Maybe we can parse the mount options to only remount it if it’s already ro?
if mount | grep "${rootmnt}" | grep "ro"; then
remount="yes"
mount -o remount,rw "${rootmnt}"
fi
sysctl -p ${rootmnt}/etc/sysctl.conf >/dev/null 2>${rootmnt}/var/log/sysctl-initramfs-error.log
sysctl -p ${rootmnt}/etc/sysctl.d/*.conf >/dev/null 2>>${rootmnt}/var/log/sysctl-initramfs-error.log
if [ "${remount}" = "yes" ]; then
mount -o remount,ro "${rootmnt}"
fi
grep -v "unprivileged_userfaultfd" "${rootmnt}/var/log/sysctl-initramfs-error.log"
sysctl-initramfs has an issue vs grub-live. In case of booting into live mode, we shouldn’t write to the root image. Maybe this could help:
if grep -qs "boot=live" /proc/cmdline; then
There are also other cases (security-misc is a general package. Don’t just focus on Whonix / Kicksecure) where writing to the root image might be unwanted. It’s not up to initramfs stage (security-misc / sysctl-initramfs) to know what shall happen with root image write policy.
/run/initramfs already exists. Therefore log location /run/initramfs/sysctl-initramfs-error.log would be better since ephemeral, in RAM, not on persistent disk. Will implement.
But the error log is weird. Added xxxxxxxxxxxx to some sysctl.d file.
cat /run/initramfs/sysctl-initramfs-error.log
sysctl: bad line 9: 1 tokens found, 2 needed
Looks fine when running sudo sh -x /etc/initramfs-tools/scripts/init-bottom/sysctl-initramfs but weird log when this is done in initramfs at boot. But I guess good enough.
ufw doesnt block ICMP - wiki fixation reminded me, perhaps there are some other ICMP related settings worth flipping?
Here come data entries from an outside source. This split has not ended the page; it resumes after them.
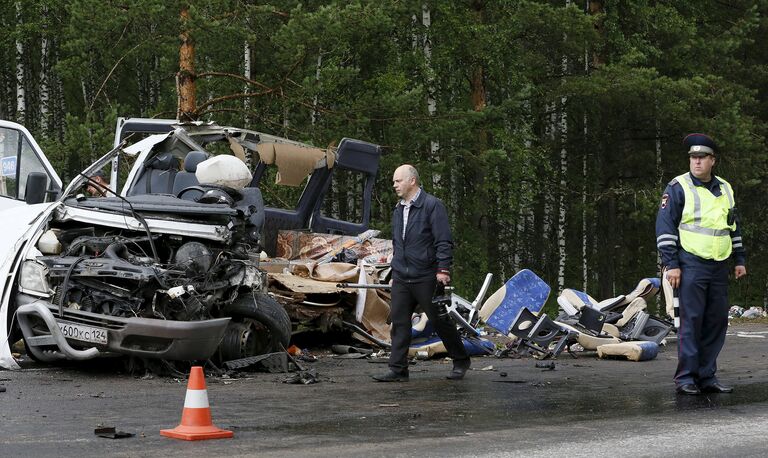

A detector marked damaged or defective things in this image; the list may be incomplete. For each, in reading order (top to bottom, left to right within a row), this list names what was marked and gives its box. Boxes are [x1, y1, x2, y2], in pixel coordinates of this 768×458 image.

crumpled hood [0, 202, 58, 370]
broken bumper [15, 296, 228, 364]
destroyed minivan [0, 117, 380, 368]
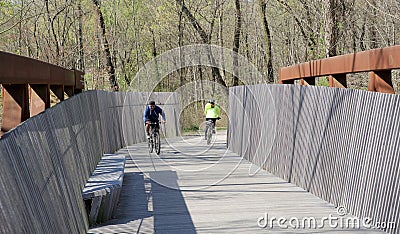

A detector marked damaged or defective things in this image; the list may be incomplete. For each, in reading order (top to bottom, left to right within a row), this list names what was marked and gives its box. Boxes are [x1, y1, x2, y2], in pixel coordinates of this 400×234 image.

rusted steel beam [0, 85, 29, 134]
rusted steel beam [29, 84, 50, 116]
rusted steel beam [280, 45, 400, 82]
rusted steel beam [368, 70, 396, 94]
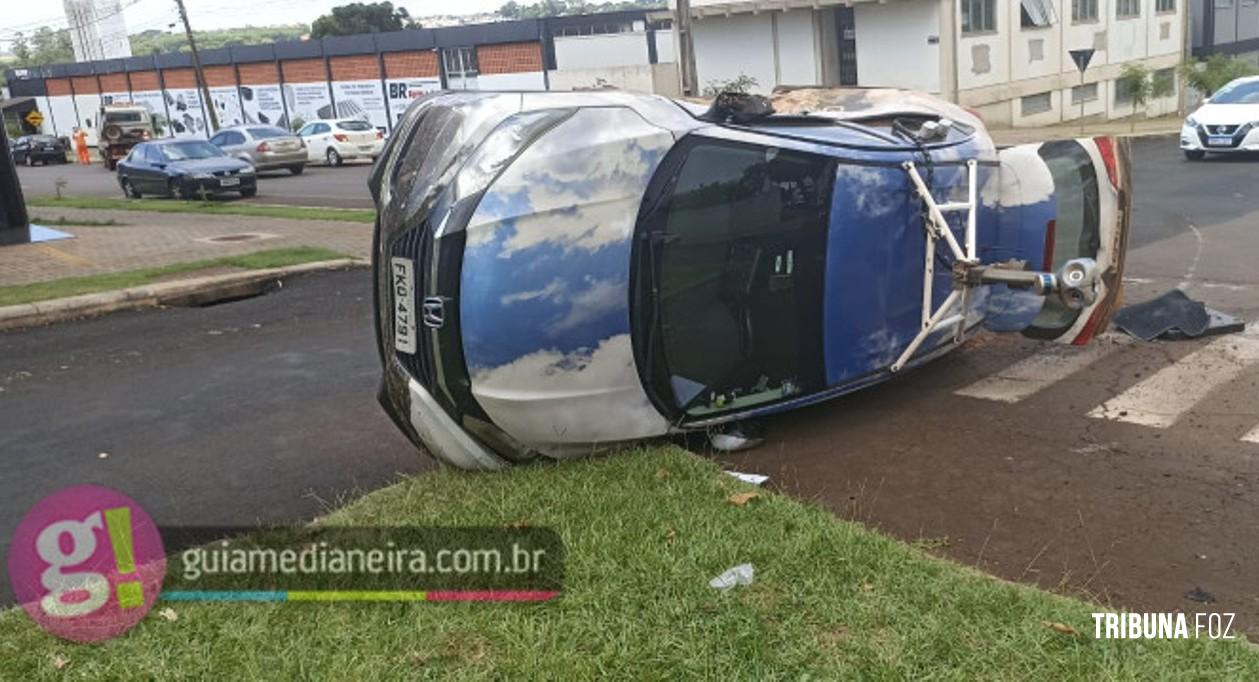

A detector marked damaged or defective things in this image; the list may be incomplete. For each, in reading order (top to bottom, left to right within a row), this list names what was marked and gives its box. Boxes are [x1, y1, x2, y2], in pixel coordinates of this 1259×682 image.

overturned honda car [370, 86, 1128, 468]
detached car panel [370, 89, 1128, 468]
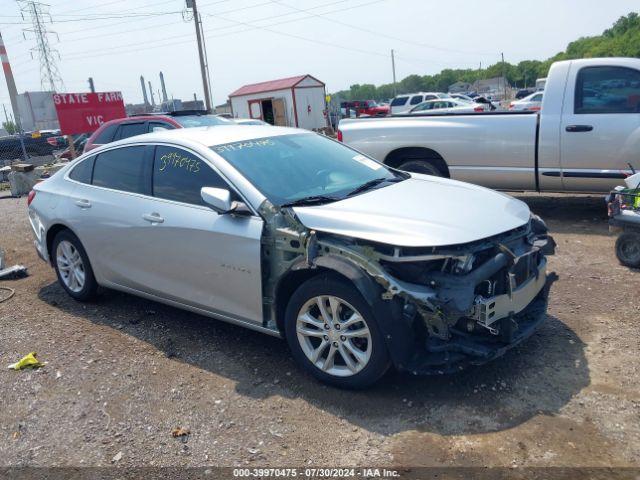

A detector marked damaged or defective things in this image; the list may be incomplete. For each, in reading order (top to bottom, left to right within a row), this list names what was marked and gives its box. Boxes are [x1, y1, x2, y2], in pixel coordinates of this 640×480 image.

damaged front end [260, 199, 556, 376]
front bumper damage [260, 202, 556, 376]
crumpled hood [294, 173, 528, 248]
For example, you have this already covered:
Shutting it down can destroy performance for async IO applications like databases.
I don’t think we depend on it for build debugging - similar to ptrace’s situation. Should be included in the debug functionality disabling package.
This one might break Java programs and cross compiling builds for other archs with QEMU. You might want to document that in case users show up with mysterious bug reports.
I think the performance loss is worth it. Asynchronous I/O in general adds a lot of complexity and attack surface to the kernel. POSIX AIO is especially atrocious.
It’s already disabled in hardened-kernel and I see no issues.